Начиная с войны 1914–1918 годов, все его мысли и поступки, вся его жизнь была починена одному – любви к немецкому народу и верности его интересам:
«Неправда, что я или кто-то другой в Германии хотел войны в 1939 году. Ее жаждали и спровоцировали именно те государственные деятели других стран, которые либо сами были еврейского происхождения, либо действовали в интересах евреев. Я внес слишком много предложений по ограничению вооружений и контролю над ними, чего никогда не смогут сбросить со счетов будущие поколения, когда будет решаться вопрос, лежит ли ответственность за развязывание этой войны на мне. […] Пройдут столетия, и из руин наших городов и монументов вырастет ненависть против тех, кто в итоге несет ответственность за все международное еврейство и его приспешников. […]
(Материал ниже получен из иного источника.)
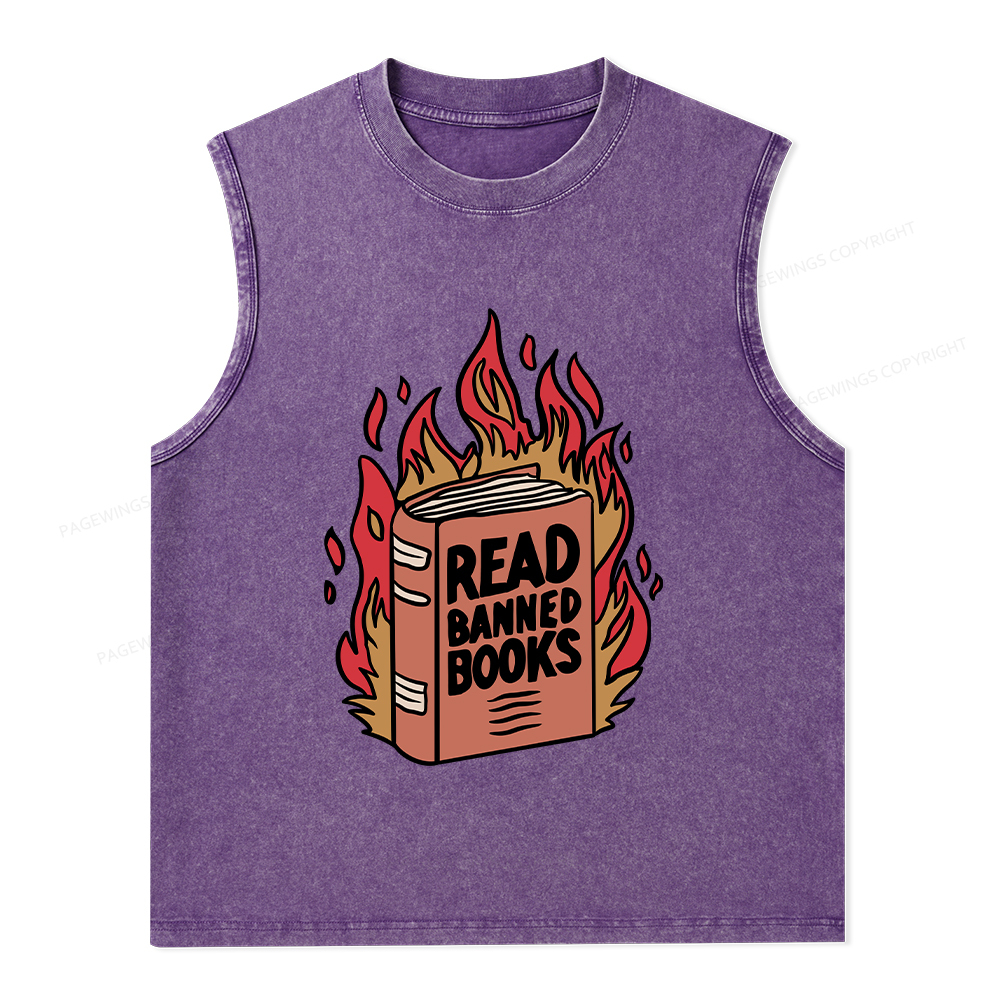 Pagewings Read Banned Books Shirt Unisex Washed Tank Top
Я не желаю […] попадать в руки врага, который жаждет нового спектакля, организованного евреями ради удовлетворения истеричных масс. Поэтому я решил остаться в Берлине и добровольно избрать смерть в тот момент, когда я пойму, что резиденцию фюрера и канцлера нельзя будет более защищать. […] Пусть в будущем частью кодекса чести германского офицера станет – как это уже случилось на нашем флоте – невозможность сдачи территории или города, пусть командиры сами покажут пример верности долгу до самой смерти».